Multivariate Drift Detection

Here we describe in detail NannyML’s multivariate drift detection methods helping build a deeper understanding of how they work. But first, let’s see why they are needed.

Limitations of Univariate Drift Detection

Machine Learning models typically have a multidimensional input space. In binary classification problems, models are trained to find the optimal decision boundary. This boundary depends on the structure of the data within the model input space. However the world is not static, and the structure of a model’s input data can change.
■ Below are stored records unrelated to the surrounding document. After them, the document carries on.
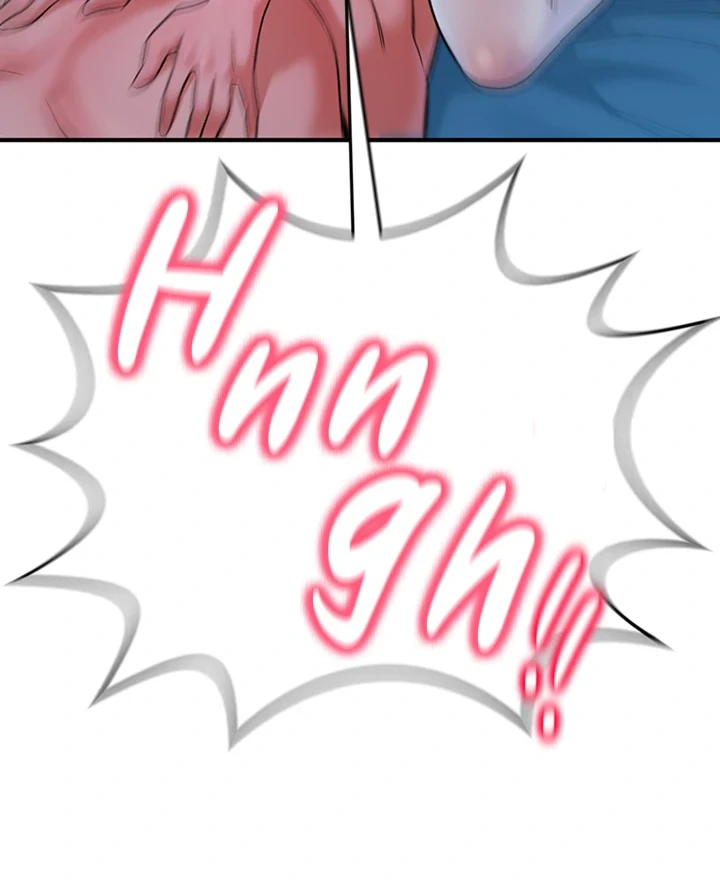 The Hero Violating the Girls Chapter 9 - page 60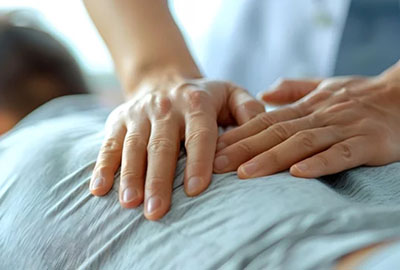 Treatment (12)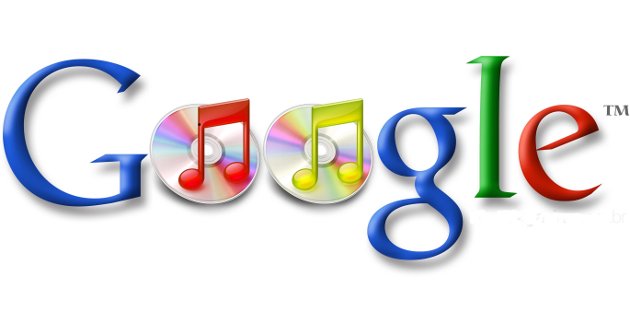 Buscar y descargar música gratis fácilmente con Google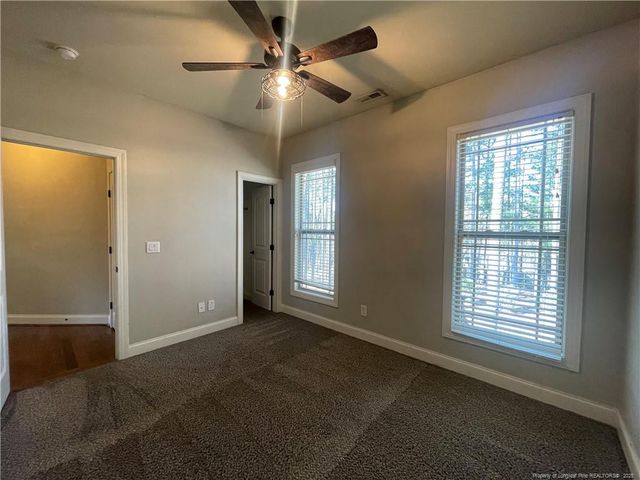 1910 Micahs Way, Spring Lake, NC 28390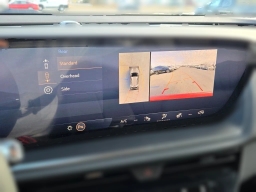 Buick Envision Preferred AWD 4dr 2026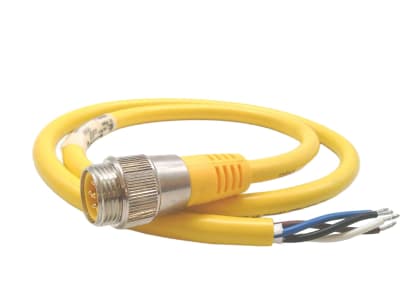 TURCK RSM 461-1M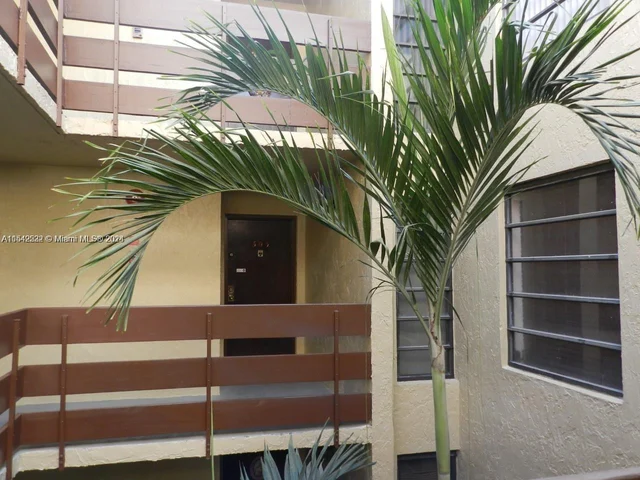 9285 SW 125th Ave # U303, Miami FL 33186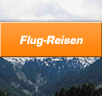 Flug-Reisen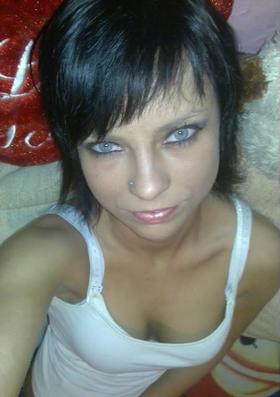 Zdjęcie 94294225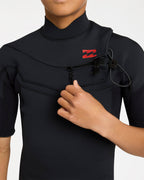 abbw300103_billabong_blk_dtl5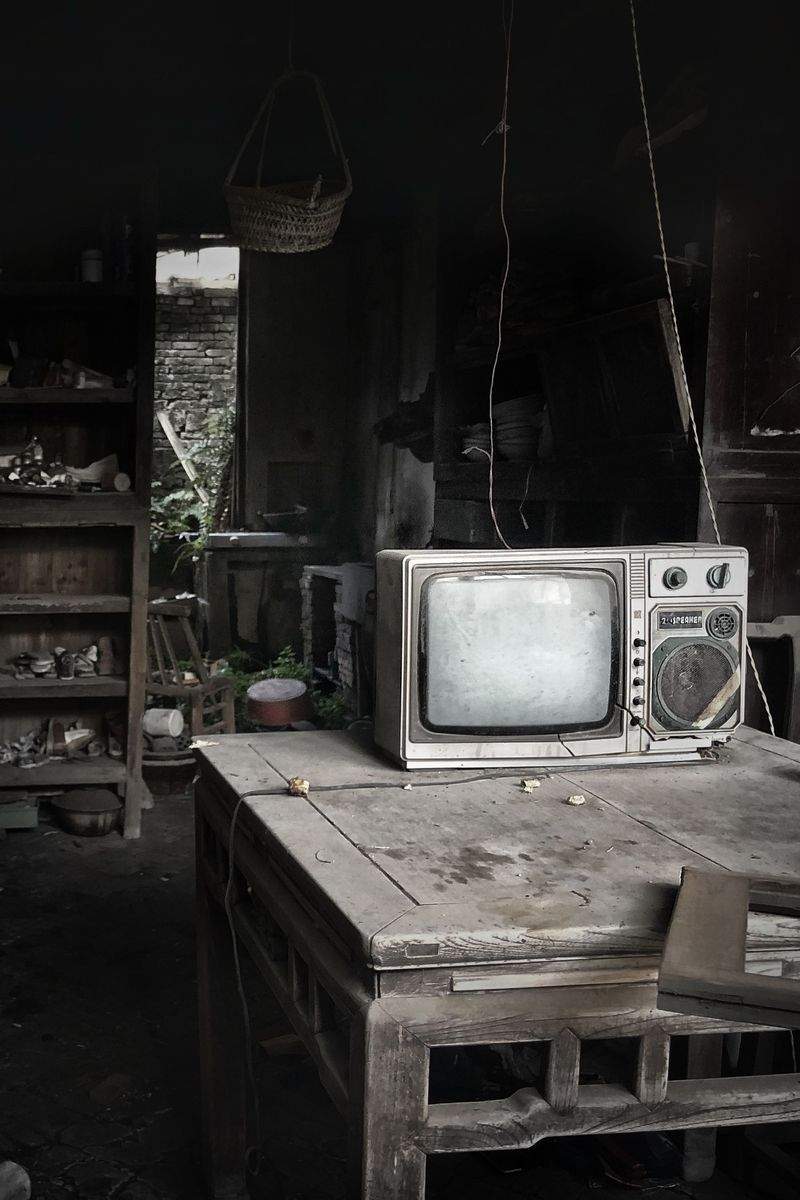 Studio Lumière Paris 11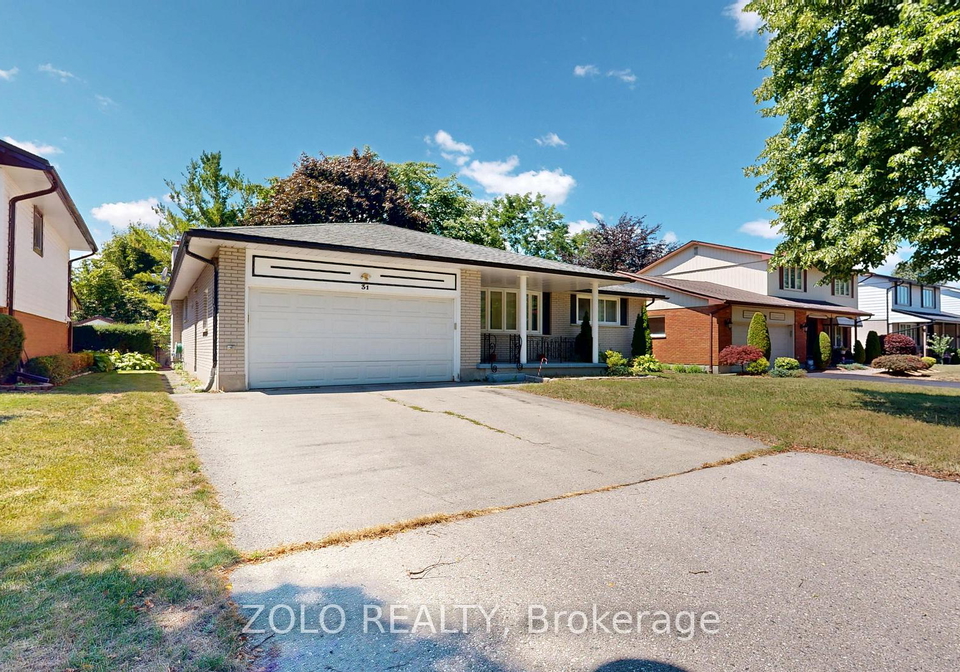 31-applewood-lane-london-south-ontario-x13635944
This change can then cause our existing decision boundary to be suboptimal.

The Univariate Drift Detection tutorial describes how NannyML analyzes each feature individually, and observes whether there are changes in the resulting feature distributions over time.

However, this is not enough to capture all the changes that may affect a machine learning model. The changes in correlations and more complex changes in relationships between model inputs might have a significant impact on model performance without changing univariate distributions of features. The “butterfly” dataset, introduced below, demonstrates this.

“Butterfly” Dataset

Let’s see first how we can construct an instance of the Butterfly dataset.

>>> import numpy as np
>>> import pandas as pd
>>> import matplotlib.pyplot as plt
>>> import seaborn as sns
>>> import nannyml as nml
>>> from scipy.spatial.transform import Rotation

>>> # 10 reference periods
>>> # 10 analysis periods
>>> # Days/week * Hours/day * events/hour
>>> DPP = 7*24*12

>>> np.random.seed(23)
>>> s1 = np.random.randn(DPP*20)
>>> x1 = s1 + np.random.randn(DPP*20)/8
>>> x2 = s1 + np.random.randn(DPP*20)/8
>>> x3 = np.random.randn(DPP*20)/8
>>> xdat = np.array([x1, x2, x3]).T

>>> rot = Rotation.from_euler('z', 90, degrees=True)

>>> # following matrix multiplication implementation, we need a 3xN data matrix hence we transpose
>>> ydat = np.matmul(rot.as_matrix(), xdat.T).T

>>> # create overall array that has drifted and not drifted subsets.
>>> # drift is sudden and affects last 5 weeks
>>> dataar = np.concatenate(
...     (xdat[:-5*DPP], ydat[-5*DPP:]),
...     axis=0
>>> )

>>> # convert data to dataframe
>>> datadf = pd.DataFrame(dataar, columns=['feature1', 'feature2', 'feature3'])

>>> # add "timestamp" column
>>> datadf = datadf.assign(ordered = pd.date_range(start='1/6/2020', freq='5min', periods=20*DPP))

>>> # Adding helper column - duplicates date range functionality
>>> datadf['week'] = datadf.ordered.dt.isocalendar().week - 1
>>> # Adding partition column
>>> datadf['partition'] = 'reference'
>>> datadf.loc[datadf.week >= 11, ['partition']] = 'analysis'

>>> # Assign random predictions and targets (we won't be using them but they are needed for NannyML)
>>> datadf = datadf.assign(y_pred_proba = np.random.rand(DPP*20))
>>> datadf = datadf.assign(y_true = np.random.randint(2, size=DPP*20))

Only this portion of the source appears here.